What is required:
Reproduce the data below in full. Nothing should differ from the original.
┌──
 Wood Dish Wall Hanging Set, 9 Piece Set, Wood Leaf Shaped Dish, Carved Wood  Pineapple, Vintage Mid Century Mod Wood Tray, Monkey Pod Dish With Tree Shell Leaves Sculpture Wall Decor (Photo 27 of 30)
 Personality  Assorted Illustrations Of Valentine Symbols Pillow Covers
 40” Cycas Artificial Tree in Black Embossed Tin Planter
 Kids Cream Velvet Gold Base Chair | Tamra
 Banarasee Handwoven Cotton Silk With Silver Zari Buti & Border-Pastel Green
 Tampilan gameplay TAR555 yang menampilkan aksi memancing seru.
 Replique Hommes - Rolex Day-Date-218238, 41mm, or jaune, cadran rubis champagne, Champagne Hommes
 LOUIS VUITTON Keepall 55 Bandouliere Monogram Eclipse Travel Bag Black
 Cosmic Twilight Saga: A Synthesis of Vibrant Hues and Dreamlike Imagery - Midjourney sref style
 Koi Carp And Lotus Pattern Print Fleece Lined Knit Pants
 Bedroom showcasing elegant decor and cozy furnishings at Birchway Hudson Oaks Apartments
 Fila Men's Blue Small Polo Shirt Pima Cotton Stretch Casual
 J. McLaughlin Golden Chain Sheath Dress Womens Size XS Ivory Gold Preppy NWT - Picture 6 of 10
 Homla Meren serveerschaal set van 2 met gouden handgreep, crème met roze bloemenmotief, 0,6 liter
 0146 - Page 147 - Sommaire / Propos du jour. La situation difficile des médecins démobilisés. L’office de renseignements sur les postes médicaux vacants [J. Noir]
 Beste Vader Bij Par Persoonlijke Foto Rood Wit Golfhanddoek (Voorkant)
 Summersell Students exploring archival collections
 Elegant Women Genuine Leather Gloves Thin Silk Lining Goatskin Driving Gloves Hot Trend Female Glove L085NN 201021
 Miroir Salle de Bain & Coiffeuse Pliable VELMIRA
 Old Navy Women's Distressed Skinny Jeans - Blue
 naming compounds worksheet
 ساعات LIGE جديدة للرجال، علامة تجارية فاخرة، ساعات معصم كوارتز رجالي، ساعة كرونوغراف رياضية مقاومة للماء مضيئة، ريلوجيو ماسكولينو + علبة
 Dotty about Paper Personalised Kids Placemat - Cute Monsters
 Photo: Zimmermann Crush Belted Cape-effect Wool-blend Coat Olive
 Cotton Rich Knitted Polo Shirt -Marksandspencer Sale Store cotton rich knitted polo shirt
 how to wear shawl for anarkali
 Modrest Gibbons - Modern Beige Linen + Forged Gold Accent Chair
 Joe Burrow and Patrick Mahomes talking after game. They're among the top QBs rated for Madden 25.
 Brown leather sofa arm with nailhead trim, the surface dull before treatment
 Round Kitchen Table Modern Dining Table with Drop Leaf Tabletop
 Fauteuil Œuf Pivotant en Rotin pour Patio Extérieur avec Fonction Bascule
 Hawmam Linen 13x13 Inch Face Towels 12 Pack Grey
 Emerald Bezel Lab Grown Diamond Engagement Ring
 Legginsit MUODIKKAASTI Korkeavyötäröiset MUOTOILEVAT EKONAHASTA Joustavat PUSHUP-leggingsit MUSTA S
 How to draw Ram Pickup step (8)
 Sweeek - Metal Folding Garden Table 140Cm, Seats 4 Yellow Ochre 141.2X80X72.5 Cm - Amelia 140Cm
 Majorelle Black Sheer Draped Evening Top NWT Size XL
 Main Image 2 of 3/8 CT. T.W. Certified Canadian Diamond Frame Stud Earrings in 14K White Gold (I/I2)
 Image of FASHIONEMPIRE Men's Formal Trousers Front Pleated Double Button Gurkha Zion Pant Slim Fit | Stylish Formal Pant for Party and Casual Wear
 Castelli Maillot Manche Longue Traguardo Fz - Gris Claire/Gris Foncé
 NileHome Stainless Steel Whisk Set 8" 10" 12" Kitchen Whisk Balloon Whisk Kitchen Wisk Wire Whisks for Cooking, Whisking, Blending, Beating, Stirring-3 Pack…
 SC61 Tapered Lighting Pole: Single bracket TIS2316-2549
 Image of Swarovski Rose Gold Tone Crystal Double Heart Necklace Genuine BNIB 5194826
└──
Solved problem:
 Wood Dish Wall Hanging Set, 9 Piece Set, Wood Leaf Shaped Dish, Carved Wood  Pineapple, Vintage Mid Century Mod Wood Tray, Monkey Pod Dish With Tree Shell Leaves Sculpture Wall Decor (Photo 27 of 30)
 Personality  Assorted Illustrations Of Valentine Symbols Pillow Covers
 40” Cycas Artificial Tree in Black Embossed Tin Planter
 Kids Cream Velvet Gold Base Chair | Tamra
 Banarasee Handwoven Cotton Silk With Silver Zari Buti & Border-Pastel Green
 Tampilan gameplay TAR555 yang menampilkan aksi memancing seru.
 Replique Hommes - Rolex Day-Date-218238, 41mm, or jaune, cadran rubis champagne, Champagne Hommes
 LOUIS VUITTON Keepall 55 Bandouliere Monogram Eclipse Travel Bag Black
 Cosmic Twilight Saga: A Synthesis of Vibrant Hues and Dreamlike Imagery - Midjourney sref style
 Koi Carp And Lotus Pattern Print Fleece Lined Knit Pants
 Bedroom showcasing elegant decor and cozy furnishings at Birchway Hudson Oaks Apartments
 Fila Men's Blue Small Polo Shirt Pima Cotton Stretch Casual
 J. McLaughlin Golden Chain Sheath Dress Womens Size XS Ivory Gold Preppy NWT - Picture 6 of 10
 Homla Meren serveerschaal set van 2 met gouden handgreep, crème met roze bloemenmotief, 0,6 liter
 0146 - Page 147 - Sommaire / Propos du jour. La situation difficile des médecins démobilisés. L’office de renseignements sur les postes médicaux vacants [J. Noir]
 Beste Vader Bij Par Persoonlijke Foto Rood Wit Golfhanddoek (Voorkant)
 Summersell Students exploring archival collections
 Elegant Women Genuine Leather Gloves Thin Silk Lining Goatskin Driving Gloves Hot Trend Female Glove L085NN 201021
 Miroir Salle de Bain & Coiffeuse Pliable VELMIRA
 Old Navy Women's Distressed Skinny Jeans - Blue
 naming compounds worksheet
 ساعات LIGE جديدة للرجال، علامة تجارية فاخرة، ساعات معصم كوارتز رجالي، ساعة كرونوغراف رياضية مقاومة للماء مضيئة، ريلوجيو ماسكولينو + علبة
 Dotty about Paper Personalised Kids Placemat - Cute Monsters
 Photo: Zimmermann Crush Belted Cape-effect Wool-blend Coat Olive
 Cotton Rich Knitted Polo Shirt -Marksandspencer Sale Store cotton rich knitted polo shirt
 how to wear shawl for anarkali
 Modrest Gibbons - Modern Beige Linen + Forged Gold Accent Chair
 Joe Burrow and Patrick Mahomes talking after game. They're among the top QBs rated for Madden 25.
 Brown leather sofa arm with nailhead trim, the surface dull before treatment
 Round Kitchen Table Modern Dining Table with Drop Leaf Tabletop
 Fauteuil Œuf Pivotant en Rotin pour Patio Extérieur avec Fonction Bascule
 Hawmam Linen 13x13 Inch Face Towels 12 Pack Grey
 Emerald Bezel Lab Grown Diamond Engagement Ring
 Legginsit MUODIKKAASTI Korkeavyötäröiset MUOTOILEVAT EKONAHASTA Joustavat PUSHUP-leggingsit MUSTA S
 How to draw Ram Pickup step (8)
 Sweeek - Metal Folding Garden Table 140Cm, Seats 4 Yellow Ochre 141.2X80X72.5 Cm - Amelia 140Cm
 Majorelle Black Sheer Draped Evening Top NWT Size XL
 Main Image 2 of 3/8 CT. T.W. Certified Canadian Diamond Frame Stud Earrings in 14K White Gold (I/I2)
 Image of FASHIONEMPIRE Men's Formal Trousers Front Pleated Double Button Gurkha Zion Pant Slim Fit | Stylish Formal Pant for Party and Casual Wear
 Castelli Maillot Manche Longue Traguardo Fz - Gris Claire/Gris Foncé
 NileHome Stainless Steel Whisk Set 8" 10" 12" Kitchen Whisk Balloon Whisk Kitchen Wisk Wire Whisks for Cooking, Whisking, Blending, Beating, Stirring-3 Pack…
 SC61 Tapered Lighting Pole: Single bracket TIS2316-2549
 Image of Swarovski Rose Gold Tone Crystal Double Heart Necklace Genuine BNIB 5194826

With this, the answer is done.